** TASK INSTRUCTIONS **
Keeping every word the same, give again only the lines from the one with "The haunted land" through the end of the data, both included, and leave every picture out.

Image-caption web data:
++++

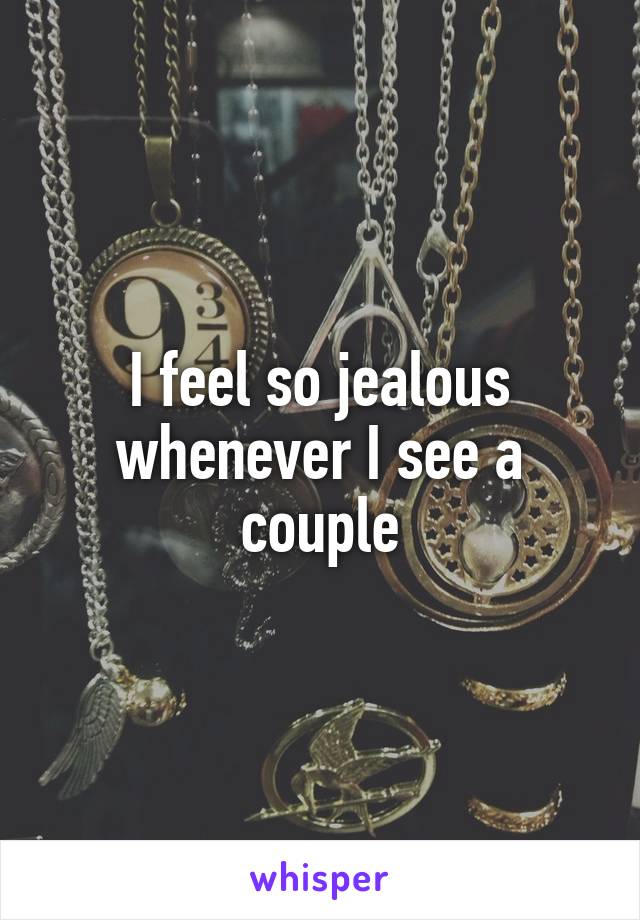 I feel so jealous whenever I see a couple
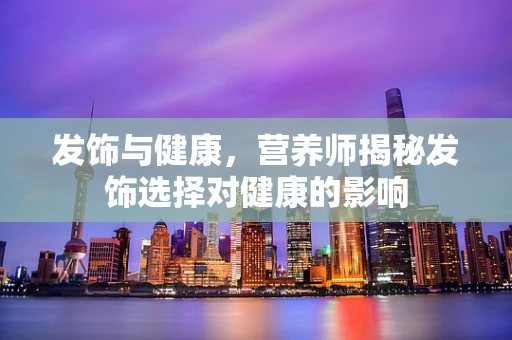 发饰与健康，营养师揭秘发饰选择对健康的影响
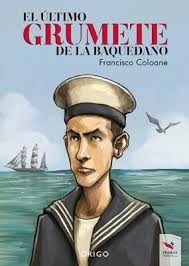 ultimo grumete de la baquedano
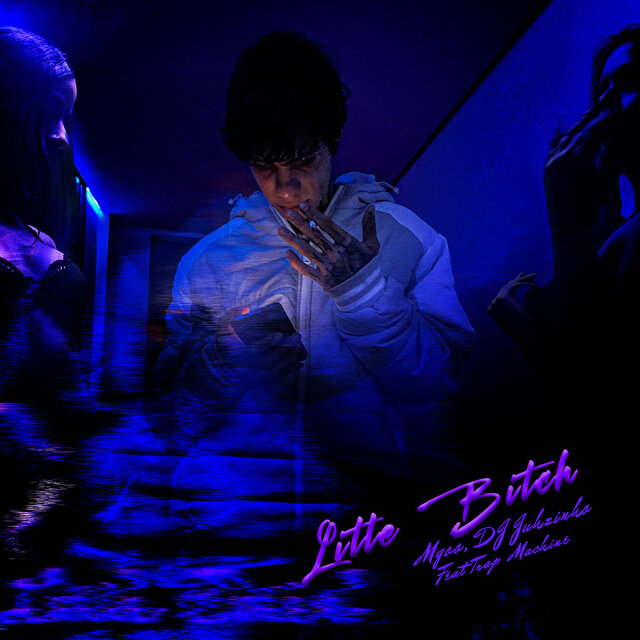 Litte Bitch (feat. TRAP MACHINE)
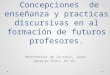 4 concepciones  de enseñanza y practicas discursivas en al formación de futuros profesores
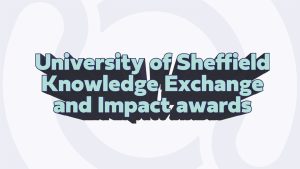 University of Sheffield Knowledge Exchange and Impact awards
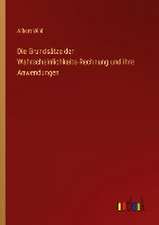 Die Grundsätze der Wahrscheinlichkeits-Rechnung und ihre Anwendungen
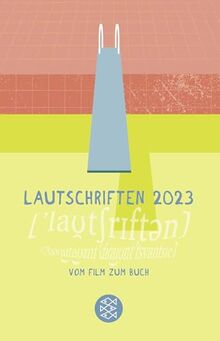 Lautschriften 2023: Vom Film zum Buch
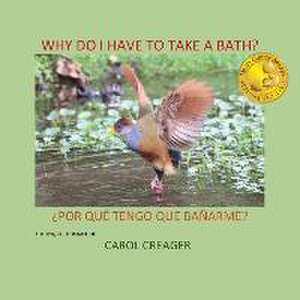 Why Do I Have to Take a Bath? de Carol Creager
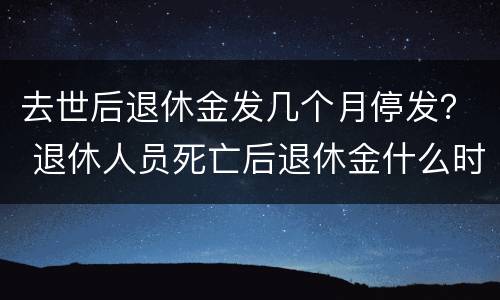 去世后退休金发几个月停发？ 退休人员死亡后退休金什么时候停发
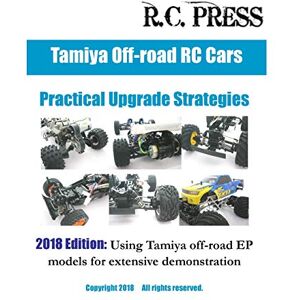 RcPRESS Tamiya Off-road RC Cars Practical Upgrade Strategies 2018 Edition: Using Tamiya off-road EP models for extensive demonstration RcPRESS Tamiya Off-road RC Cars Practical Upgrade Strategies 2018 Edition: Using Tamiya off-road EP models for extensive demonstration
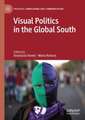 Visual Politics in the Global South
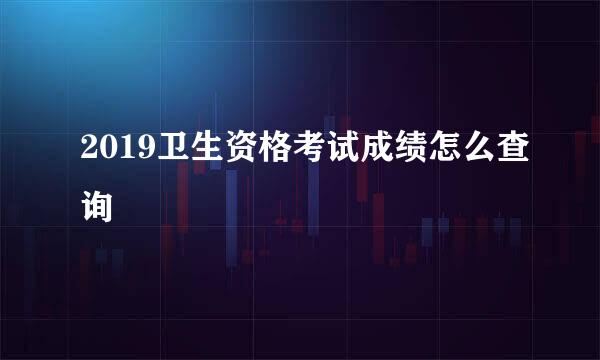 2019卫生资格考试成绩怎么查询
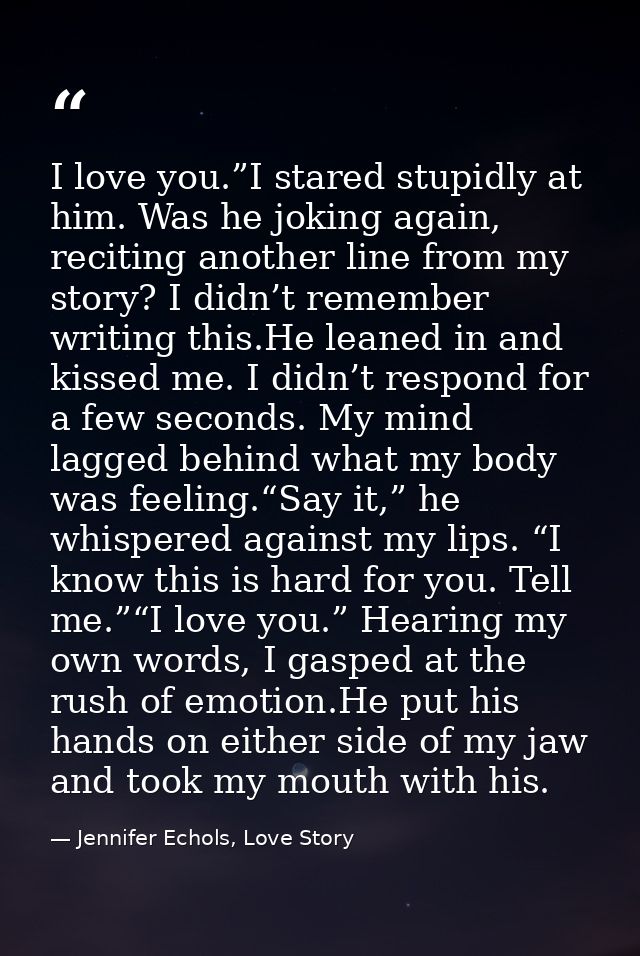 I love you.”I stared stupidly at him. Was he joking again, reciting another line from my story? I didn’t remember writin — Jennifer Echols, Love Story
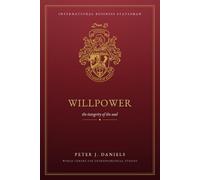 Willpower: The Integrity of the Soul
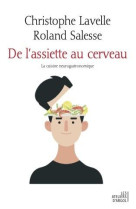 De l'assiette au c - la cuisine neurogastronomi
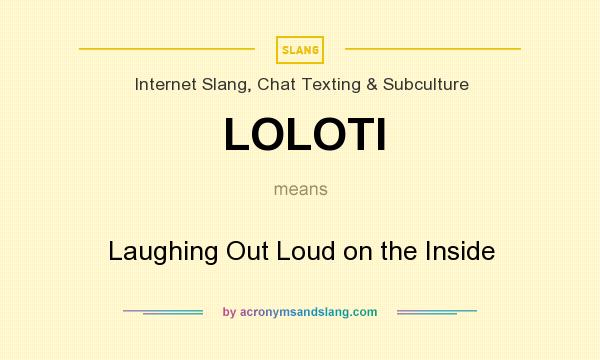 What does LOLOTI mean? It stands for Laughing Out Loud on the Inside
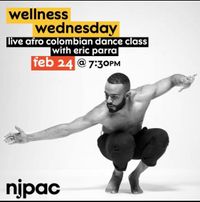 Parra La Gente Wellness Wednesday NJPAC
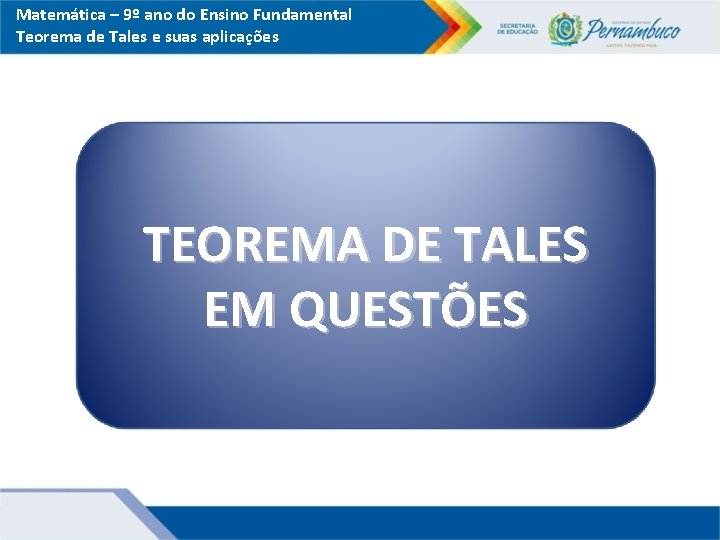 Matemática – 9º ano do Ensino Fundamental Teorema de Tales e suas aplicações TEOREMA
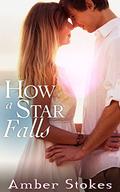 How a Star Falls by Amber Stokes
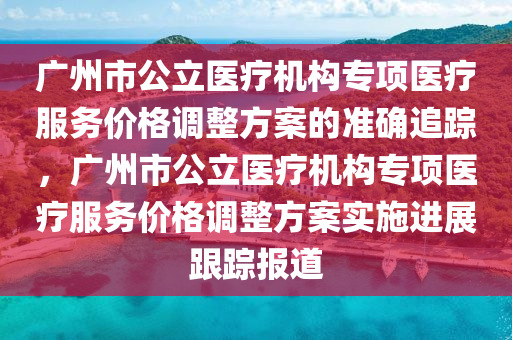 廣州市公立醫(yī)療機(jī)構(gòu)專項醫(yī)療服務(wù)價格調(diào)整方案的準(zhǔn)確追蹤，廣州市公立醫(yī)療機(jī)構(gòu)專項醫(yī)療服務(wù)價格調(diào)整方案實施進(jìn)展跟蹤報道液壓動力機(jī)械,元件制造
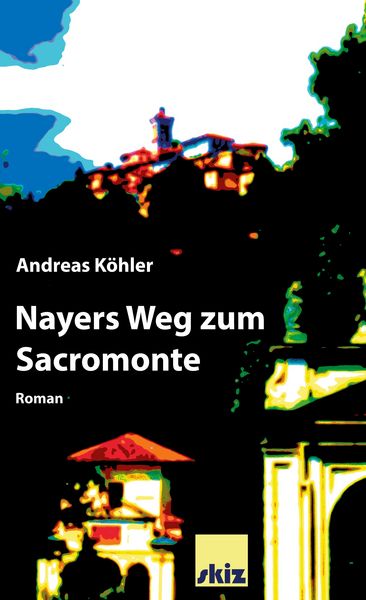 Produktbild: Nayers Weg zum Sacromonte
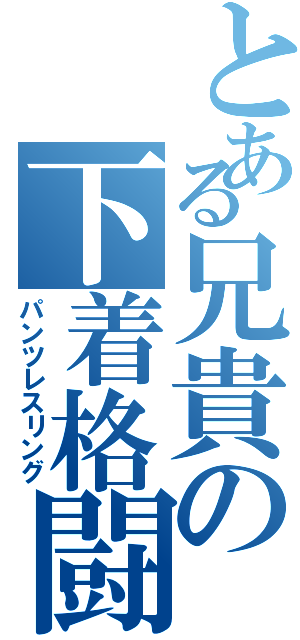 とある兄貴の下着格闘（パンツレスリング）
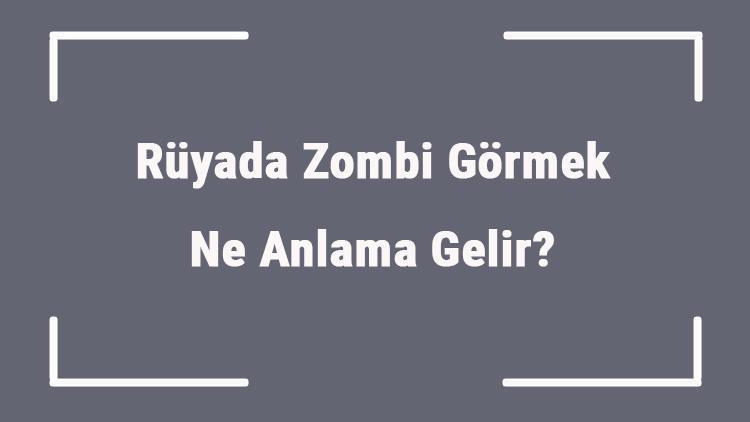 Rüyada Zombi Görmek Ne Anlama Gelir? Rüyada Zombilerden Kaçmak Ve Öldürmek Anlamı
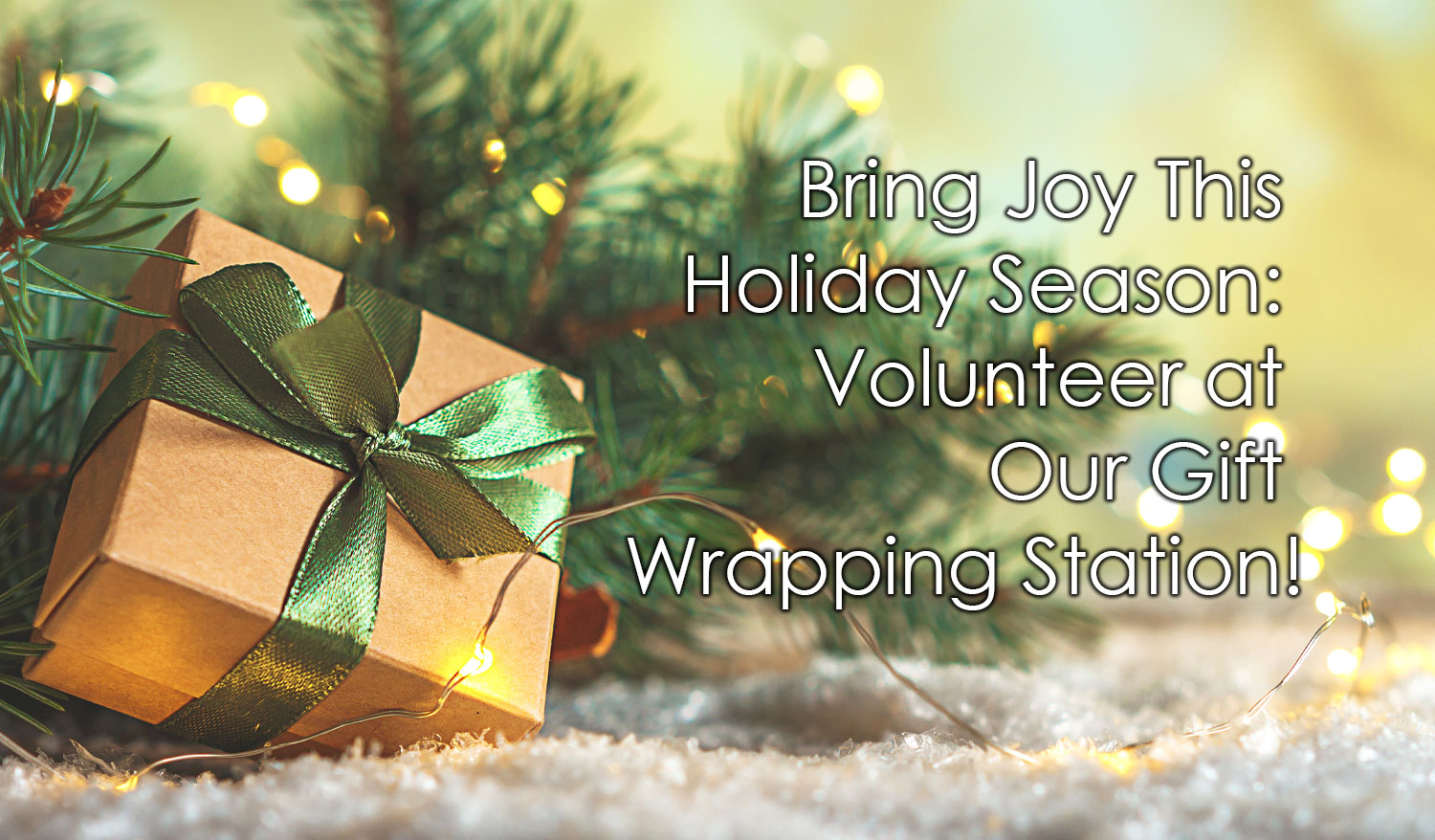 Bring Joy This Holiday Season: Volunteer at Our Gift Wrapping Station!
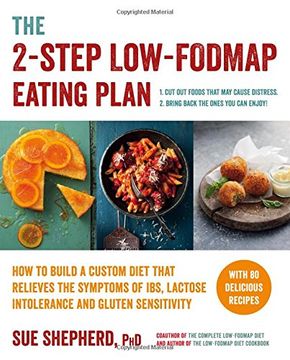 portada The 2-Step Low-FODMAP Eating Plan: How To Build a Custom Diet that Relieves the Symptoms of IBS, Lactose Intolerance, and Gluten Sensitivity (Low-Fodmap Diet)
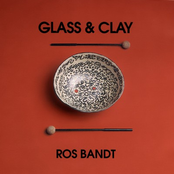 Glass & Clay
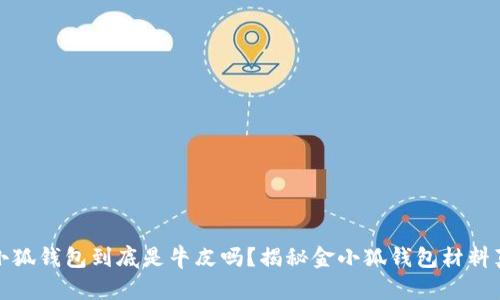 金小狐钱包到底是牛皮吗？揭秘金小狐钱包材料真相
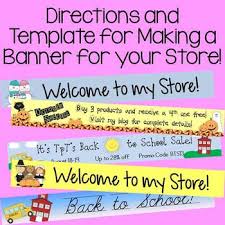 Save 75% off by using teachers pay teachers coupon code & coupon at extrabux. Tpt Easy Directions And Template For Making A Banner For Your Store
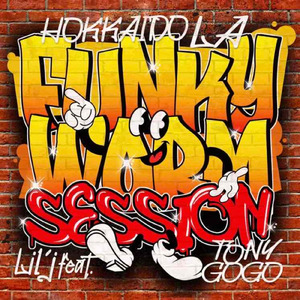 FUNKY WORM SESSION (feat. TONY GOGO)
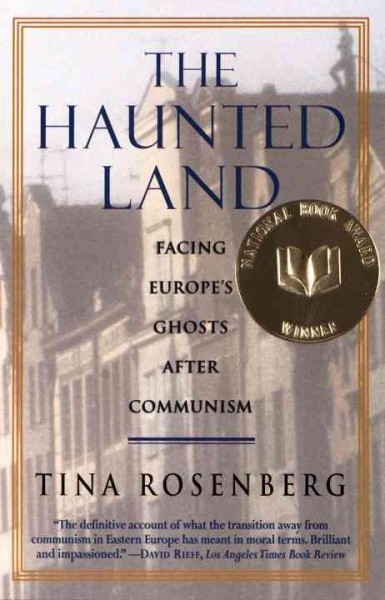 The haunted land [electronic resource] : facing Europe's ghosts after communism / Tina Rosenberg.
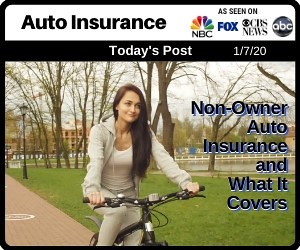Non-Owner Auto Insurance and What It Covers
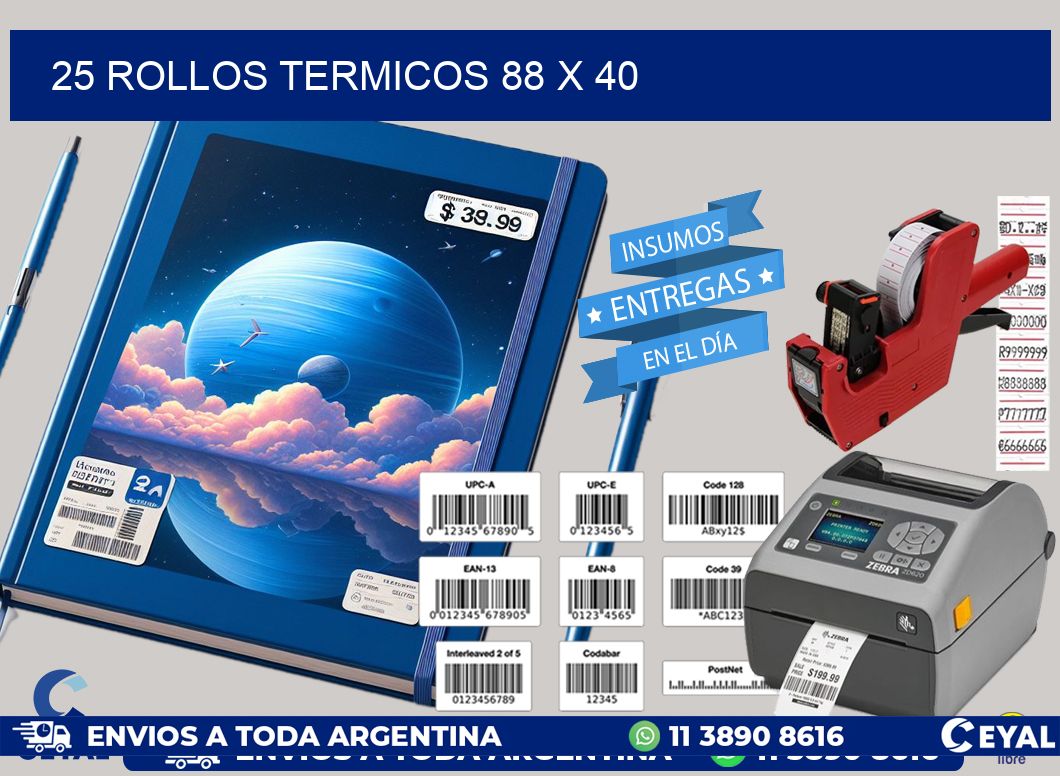 25 ROLLOS TERMICOS 88 x 40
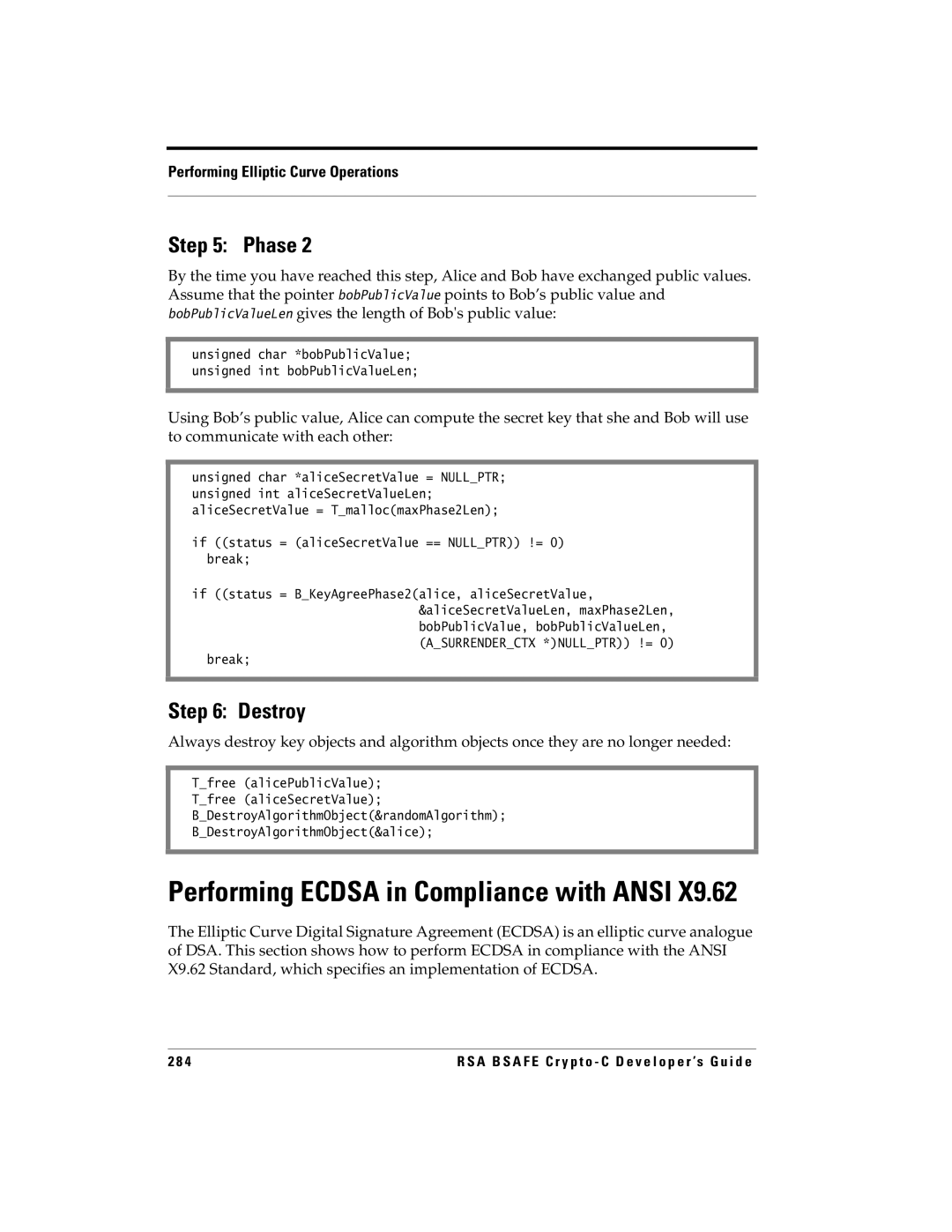 RSA Security 5.2.2 manual Performing Ecdsa in Compliance with Ansi, If status = aliceSecretValue == Nullptr != 0 break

++++

** TASK RESPONSE **
 The haunted land [electronic resource] : facing Europe's ghosts after communism / Tina Rosenberg.
Non-Owner Auto Insurance and What It Covers
 25 ROLLOS TERMICOS 88 x 40
 RSA Security 5.2.2 manual Performing Ecdsa in Compliance with Ansi, If status = aliceSecretValue == Nullptr != 0 break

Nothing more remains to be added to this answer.